In 1952 there were at least seventy-six grocery stores in Augusta (Mannings). In addition, there were meat markets, fruit and vegetable stores, confectionaries, bakeries, fish stores and several drug stores. Most if not all were independently owned. Sand Hill, Augusta’s Franco-American neighborhood, had a larger concentration of neighborhood grocery stores—Magasins. Depending on the source, from 18 to 27 stores operated on Sand Hill at various times.
This 48-minute documentary explores the history of small, family-owned grocery stores located on Sand Hill in the early to late 20th century. Several former Sand Hill individuals whose families owned and operated neighborhood stores were interviewed to capture a representative sense of life on The Hill. The documentary uses historical photographs from the Kennebec Historical Society’s digital archive collection, as well as photos provided by the families themselves and St. Michael’s Parish. While the documentary focuses on Sand Hill, the broader story applies to the city as a whole, describing a close-knit community made up of shopkeepers in a time before big-box stores, malls and too many cars.
Our speaker, Norm Rodrigue, was born in Augusta in 1949 and raised on Sand Hill, came from a family of seven children. His father and grandfather were classic Franco-American mill workers who worked at the Bate’s/Edwards Mill. He attended St. Augustine School and graduated from Cony High School. He earned a BA in English and a Masters in Public Administration from the University of Maine at Orono and an MBA from Thomas College.
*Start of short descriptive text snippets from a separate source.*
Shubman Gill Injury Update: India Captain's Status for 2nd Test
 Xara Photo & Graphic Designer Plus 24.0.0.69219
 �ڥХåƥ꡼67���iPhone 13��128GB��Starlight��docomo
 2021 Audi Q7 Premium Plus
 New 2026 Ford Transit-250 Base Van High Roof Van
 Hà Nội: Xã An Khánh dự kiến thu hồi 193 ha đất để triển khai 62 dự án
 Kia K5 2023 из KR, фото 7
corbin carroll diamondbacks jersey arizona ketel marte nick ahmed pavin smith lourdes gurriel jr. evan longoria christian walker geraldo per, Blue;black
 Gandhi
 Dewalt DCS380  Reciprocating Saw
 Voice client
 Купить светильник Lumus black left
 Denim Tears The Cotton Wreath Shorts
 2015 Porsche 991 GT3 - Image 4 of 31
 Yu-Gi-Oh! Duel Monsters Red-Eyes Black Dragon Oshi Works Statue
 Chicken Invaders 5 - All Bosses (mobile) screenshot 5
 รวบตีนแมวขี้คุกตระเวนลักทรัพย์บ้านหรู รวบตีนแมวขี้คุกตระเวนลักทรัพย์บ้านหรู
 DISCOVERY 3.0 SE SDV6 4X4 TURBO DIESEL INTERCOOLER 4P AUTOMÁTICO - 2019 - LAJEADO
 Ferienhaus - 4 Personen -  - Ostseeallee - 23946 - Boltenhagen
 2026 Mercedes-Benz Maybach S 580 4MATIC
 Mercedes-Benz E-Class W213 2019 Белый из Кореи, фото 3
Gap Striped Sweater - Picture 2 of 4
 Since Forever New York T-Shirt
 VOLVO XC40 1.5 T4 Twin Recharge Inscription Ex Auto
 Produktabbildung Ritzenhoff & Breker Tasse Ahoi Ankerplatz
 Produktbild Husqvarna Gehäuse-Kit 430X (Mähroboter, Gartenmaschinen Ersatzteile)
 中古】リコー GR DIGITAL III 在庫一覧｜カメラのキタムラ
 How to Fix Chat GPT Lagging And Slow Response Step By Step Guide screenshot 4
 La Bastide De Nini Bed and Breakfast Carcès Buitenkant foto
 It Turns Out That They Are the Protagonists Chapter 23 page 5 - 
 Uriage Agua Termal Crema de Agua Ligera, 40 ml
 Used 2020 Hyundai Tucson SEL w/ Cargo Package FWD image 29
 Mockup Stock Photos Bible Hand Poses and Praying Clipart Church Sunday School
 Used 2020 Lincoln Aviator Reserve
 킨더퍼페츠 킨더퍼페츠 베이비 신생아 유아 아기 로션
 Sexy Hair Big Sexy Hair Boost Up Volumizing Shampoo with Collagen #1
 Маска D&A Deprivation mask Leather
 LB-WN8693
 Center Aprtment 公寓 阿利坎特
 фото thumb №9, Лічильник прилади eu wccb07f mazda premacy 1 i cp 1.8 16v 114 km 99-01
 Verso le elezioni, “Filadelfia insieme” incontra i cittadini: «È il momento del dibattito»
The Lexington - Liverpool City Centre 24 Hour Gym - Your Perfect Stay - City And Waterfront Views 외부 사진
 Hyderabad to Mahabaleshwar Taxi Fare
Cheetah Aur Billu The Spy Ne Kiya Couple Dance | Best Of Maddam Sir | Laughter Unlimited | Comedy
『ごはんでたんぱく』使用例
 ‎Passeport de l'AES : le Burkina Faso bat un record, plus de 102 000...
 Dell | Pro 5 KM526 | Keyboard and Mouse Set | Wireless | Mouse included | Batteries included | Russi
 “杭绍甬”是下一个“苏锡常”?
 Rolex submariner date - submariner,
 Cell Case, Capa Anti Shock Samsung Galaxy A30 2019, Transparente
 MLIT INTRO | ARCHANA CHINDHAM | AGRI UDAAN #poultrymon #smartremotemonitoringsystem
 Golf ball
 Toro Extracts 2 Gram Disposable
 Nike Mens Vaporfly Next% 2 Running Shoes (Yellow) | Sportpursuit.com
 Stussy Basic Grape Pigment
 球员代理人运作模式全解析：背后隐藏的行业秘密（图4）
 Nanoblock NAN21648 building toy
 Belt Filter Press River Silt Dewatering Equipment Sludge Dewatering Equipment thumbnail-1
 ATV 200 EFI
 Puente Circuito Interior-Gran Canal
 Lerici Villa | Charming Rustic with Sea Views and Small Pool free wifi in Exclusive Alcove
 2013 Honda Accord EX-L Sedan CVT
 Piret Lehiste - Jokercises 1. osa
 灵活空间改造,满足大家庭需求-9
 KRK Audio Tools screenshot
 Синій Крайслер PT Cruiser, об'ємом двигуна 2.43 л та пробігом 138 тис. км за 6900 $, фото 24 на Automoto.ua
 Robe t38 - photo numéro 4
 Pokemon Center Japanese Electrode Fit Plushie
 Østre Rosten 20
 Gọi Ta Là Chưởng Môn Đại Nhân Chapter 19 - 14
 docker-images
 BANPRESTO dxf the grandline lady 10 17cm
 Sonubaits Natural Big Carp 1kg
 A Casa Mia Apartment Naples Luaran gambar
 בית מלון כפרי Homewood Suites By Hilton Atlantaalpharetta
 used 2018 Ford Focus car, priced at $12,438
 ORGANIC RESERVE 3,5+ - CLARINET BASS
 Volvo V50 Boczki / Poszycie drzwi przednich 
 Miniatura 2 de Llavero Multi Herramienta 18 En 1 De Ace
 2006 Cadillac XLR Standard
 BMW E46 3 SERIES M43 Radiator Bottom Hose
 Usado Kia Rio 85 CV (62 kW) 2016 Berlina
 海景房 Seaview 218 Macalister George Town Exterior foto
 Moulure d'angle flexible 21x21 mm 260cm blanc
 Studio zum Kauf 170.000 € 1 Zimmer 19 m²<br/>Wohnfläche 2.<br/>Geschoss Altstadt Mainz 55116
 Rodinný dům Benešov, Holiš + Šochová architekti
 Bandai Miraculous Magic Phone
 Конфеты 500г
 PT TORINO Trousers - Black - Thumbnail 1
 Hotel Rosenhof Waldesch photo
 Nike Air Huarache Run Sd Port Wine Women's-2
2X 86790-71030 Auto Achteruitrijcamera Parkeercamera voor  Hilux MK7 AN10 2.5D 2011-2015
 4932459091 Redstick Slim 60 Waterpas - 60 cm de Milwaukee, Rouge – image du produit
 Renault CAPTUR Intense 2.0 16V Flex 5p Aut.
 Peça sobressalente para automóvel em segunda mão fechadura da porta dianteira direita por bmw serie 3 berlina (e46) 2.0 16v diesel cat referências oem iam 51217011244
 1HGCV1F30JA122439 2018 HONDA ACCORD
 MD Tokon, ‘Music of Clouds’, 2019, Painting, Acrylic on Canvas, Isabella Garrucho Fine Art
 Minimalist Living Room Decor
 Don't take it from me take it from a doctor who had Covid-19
After a career in business, Norm retired and pursued his longstanding interest is a still photography. His photos have been exhibited locally and have won several awards and his photo cards are sold at various local businesses. Recently, Norm took up videography and is using it to explore local history, another longstanding interest. Norm has produced two other videos including: Streams in the Seasons, a video depicting the sights and sounds of streams on Kennebec Land Trust properties spanning an entire year; and A Simpler Time, a video about three contemporary Downtown Augusta tradesmen, showcasing early twentieth century trades, including a milliner, cobbler and vintage audio/stereo repairman.
The Kennebec Historical Society March Presentation is free to the public (donations gladly accepted) and will take place on Wednesday, March 22, 2017, at 6:30 p.m. at the Club Calumet, located at 334 West River Road in Augusta.